According to one of the possible types of regulation, the drive speed is at least partially adapted, in particular a point-in-time adaptation of the idle drive power. An adaptation measure can also be carried out in advance, in particular by completing a throughput level adaptation measure (for example increase in speed) at a predetermined point in time (initiation of the measure with a predefinable time buffer). The device can optionally also be equipped with material flow buffers such as intermediate bunkers or speed regulators for conveyor belts, whereby these material flow units can also be coupled to the control system or integrated into the control system. It has been shown that a material throughput monitor or an occupancy sensor (in particular a fill level sensor) can facilitate control / regulation. The actual current delivery rate can in practice depending on the design of the system or the process of the respective the desired or predefined delivery rate. One or more occupancy sensors (in particular based on radar, ultrasound, laser or force signals or measured values), in particular also in an arrangement at the entrance to the system, enable monitoring of actual delivery rates. Based on this, a local, site-specific throughput rate can also be determined, for example by multiplying the conveyor belt occupancy with the belt speed at a material transfer point to the next conveyor belt or intermediate bunker. Through integration, both the current bunker content and the mass occupancy of subsequent conveyor belts can be determined.

The mass impulse of the moved material mass is understood in particular to be the sum product of the moved material masses with the movement speed. The ratio of these two variables (drive power to mass impulse, or vice versa) relative to one another facilitates the quantitative assessment of energy efficiency, especially for horizontal displacement (transport). The resulting physical unit [kWh / (t km)] or [J / (kg m)] or [N / kg] can (analogously) be compared with the specific total transport resistance, and is advantageously (only) based on the currently ( current) transopted material mass and the entire transport route.

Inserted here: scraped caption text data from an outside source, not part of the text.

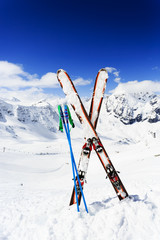 Fototapete - Skiing , mountains and ski equipments on ski run
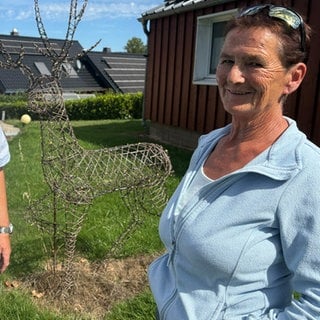 Manfred Bauer 8l.) und Andrea Thome rahmen die Statue von Hirsch Henry ein
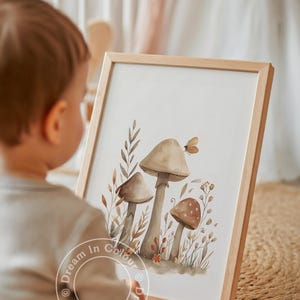 May include: A framed watercolor print featuring three mushrooms in shades of brown and beige, with a small butterfly and foliage. The artwork is in a light wooden frame. The text "Dream In Colour" is visible on the bottom of the print.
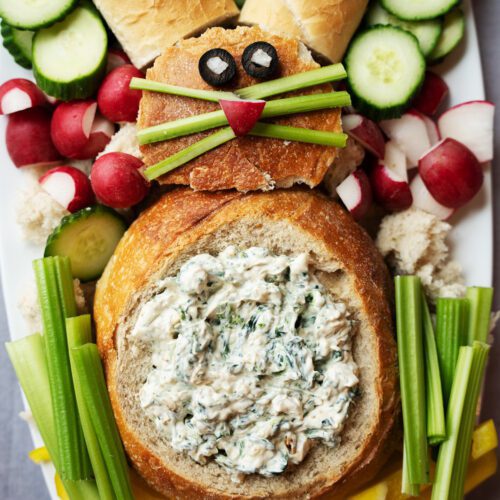 spinach artichoke bread bowl bunny inspired on serving platter with vegetables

To increase the control quality of inclined, angularly arranged systems (the movement path of the material to be conveyed also runs in a vertical direction), it can be recommended to subtract the current lifting power (sum product of gravity and vertical speed) from the drive power.

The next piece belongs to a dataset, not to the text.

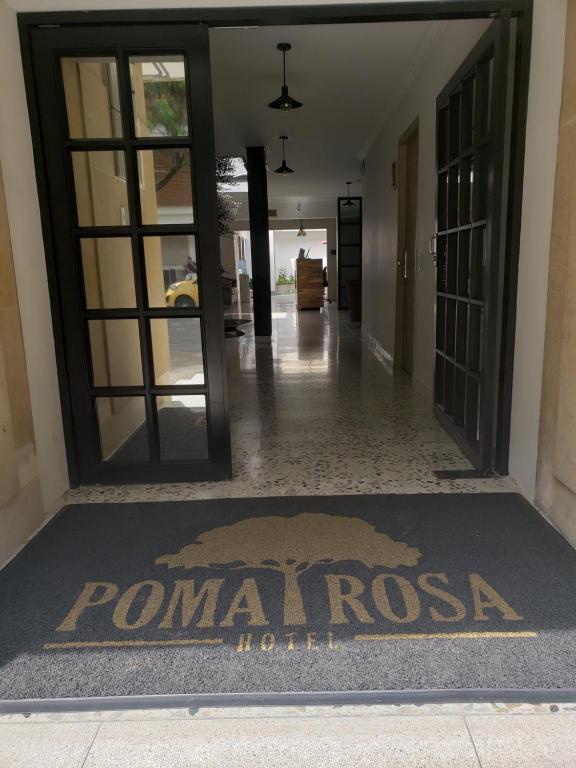 麦德林Hotel Poma Rosa的大堂设有一张地毯上的扑曼尼奥萨酒店标志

According to an exemplary embodiment, the control system is also set up to regulate at least one of the first and second drives in the load state as a function of the further drive (s), in particular to regulate down from a full load state to a partial load state, that the current drive power or energy consumption of the corresponding drive with regard to the current conveying capacity (material throughput at point P 1, P2, ..., Pn on the material flow path) or with regard to a predefinable / predefined Point in time to be set target delivery rate is optimized, in particular is minimized. As a result, the mode of operation can also be designed to be particularly sustainable.

According to one embodiment, the control system is set up to determine a first and second energy efficiency for the work process as a function of a first and second predefined / predefinable delivery rate and in relation to the first and second drives and to assign the drives as a function of the determined first and second energy efficiency regulate, especially with changing delivery rates in the range of a minimum variation of 20 to 50 percent, especially for the purpose of achieving better / maximum energy efficiency. This also enables particularly resource-saving operation.

According to an exemplary embodiment, the control system is set up to determine the energy efficiency for the work process as a function of at least four predefined / predefinable conveying capacities and in relation to the first and second drives and to regulate the drives as a function of the determined at least four energy efficiencies, especially when there is a correlation of the respective conveying capacity with at least one partial utilization level from the group: 0%, 25%, 50%, 75%, 100% material throughput. This also provides good practicability, in particular in that the regulation takes place with regard to a comparatively small, manageable number of adjustment stages.

According to one exemplary embodiment, the control system is set up to control and regulate the respective drive as a function of time in such a way that the operating state of the respective drive to be set or regulated is ensured in relation to the switchover point, in particular by correlating a / the predefined / predefinable conveying capacity or a target material throughput with a drive-specific and / or operating state-specific switchover time (ramp duration) of the respective drive or the respective system component. This also promotes good utilization with optimized load changes and, last but not least, also enables a lean structural design (with a possibly reduced safety factor). According to one exemplary embodiment, the control system comprises at least one material flow or material throughput monitor (including at least one sensor) and is set up to provide material throughput information (measured values) recorded upstream of at least one of the drives for control of the respective drive when the operating state is set of the respective drive with a drive-specific switchover time (ramp duration). In this way, a predictive adaptation of operating states can take place in the case of long switching times or slow switching processes, so that the load changes can be carried out more easily and more frequently without disadvantages for the material flow.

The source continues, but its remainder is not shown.